SABMiller’s managing director for Africa, Mark Bowman, says that many analysts are painting an overly rosy picture of doing business in Africa.[hidepost=9][/hidepost]
In an interview with Dow Jones Newswires at the recent Consumer Analyst Group of New York conference in Florida, Bowman said that although the continent has significant growth potential, some observers may be overly enthusiastic. He explained that it can be hard for companies to get a foothold in Africa and that there are many challenges to contend with.
The world’s second largest brewer by volume, however, remains positive about its future in Africa. “As [Africa’s] GDP grows and more disposable income becomes available, consumers will move, in droves, from low-end, informal alcohol to highly aspirational lager beer,” he noted in his presentation.
SABMiller currently has managed operations in 18 African countries. In addition, it also has an alliance with French drinks group Castel, which operates in the traditional Francophone territories.

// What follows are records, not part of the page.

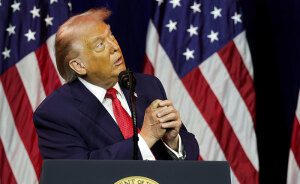 Professional Stylist Reveals Why Trump’s Hair Has Turned Pink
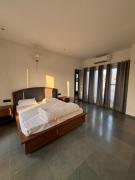 Hidden Farm - Luxury Private 2BHK Farmhouse near Mohali & Chandigarh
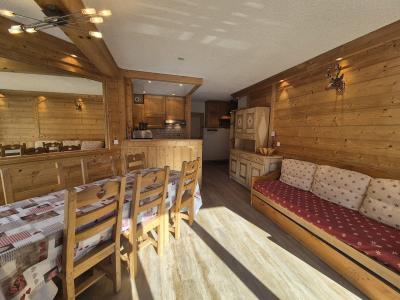 Ski verhuur Appartement 3 kamers 8 personen (106) - Résidence Curling B Tour - Tignes - Woonkamer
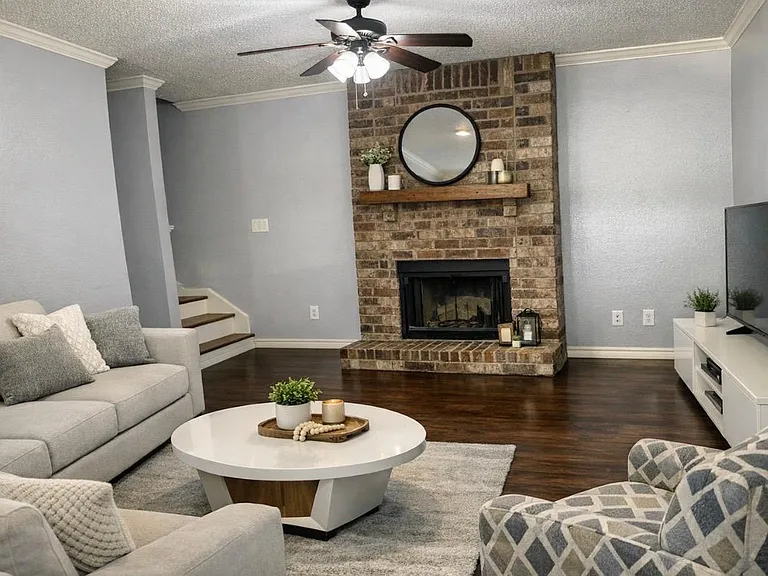 632 Mockingbird Ln — Photo 4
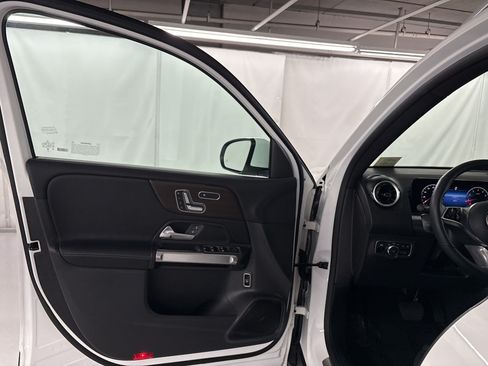 Certified 2026 Mercedes-Benz GLB 250 image 26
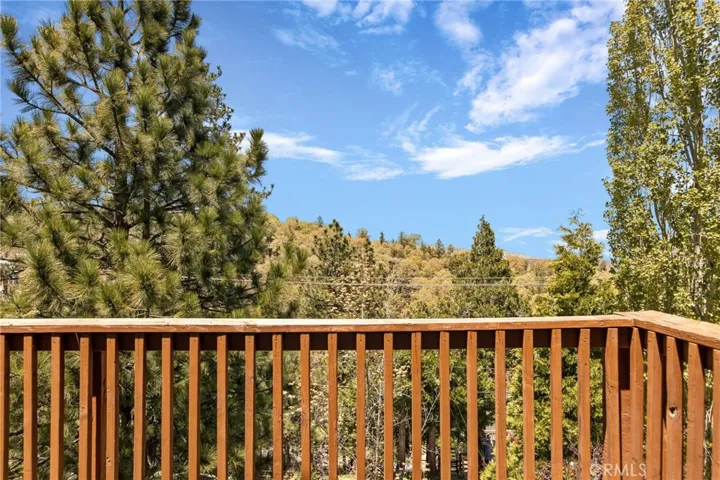 1383 Calgary Drive, Lake Arrowhead, California 92352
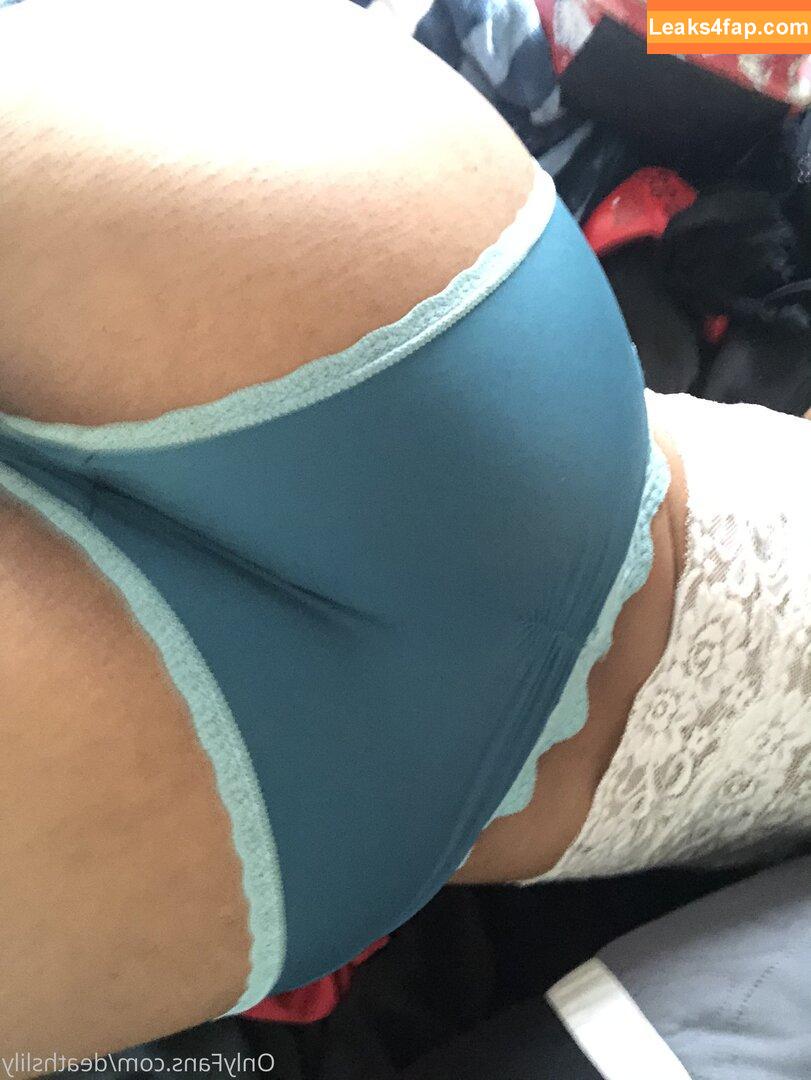 voidedlilyy /  leaked photo photo #0001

The two companies have a cross-shareholding in one another’s businesses and don’t compete in the same markets.
Only 43% of SABMiller’s business in Africa (excluding South Africa) is larger beer, with the balance comprising mostly traditional beer (20%) and soft drinks (36%).
Involving the local population
In order to gain and maintain local support and thereby protecting its “licence to trade” in the African countries where it operates, SABMiller has started with a scheme to buy raw materials from domestic farmers.
“We have no competence in farming, and we will not farm ourselves, but we will in essence try and source many more of our ingredients, particularly grains, locally. This has cost benefits but also, and most importantly, protects our licence to trade in the African markets,” Bowman explained.
Historically SABMiller imported 80% of inputs required for the African market, primarily barley from Europe. Bowman said that in Uganda, for example, the company currently has around 16,000 farmers contracted to produce sorghum and barley.
Targeting new markets
SABMiller is aggressively targeting new African markets and has spent significant sums putting in new capacity. In the last 18 months the company has built breweries in Angola, Mozambique and Tanzania. It has also entered Nigeria, Ethiopia and southern Sudan.
Bowman said that SABMiller knew its investment in southern Sudan was a risky move. “Two and a half years ago we made a somewhat risky decision . . . to invest in southern Sudan because we knew there were quite a lot of beer sales being made there.” Earlier this year the region, with a population of 8.26 million, voted in favour of independence in a referendum that was part of a deal to end decades of conflict between north and south, driven by religious and ethnic divides.
“We are optimistic, it is not easy to do business in Africa, but we’ve been doing it for a long time,” Bowman said in his closing remarks.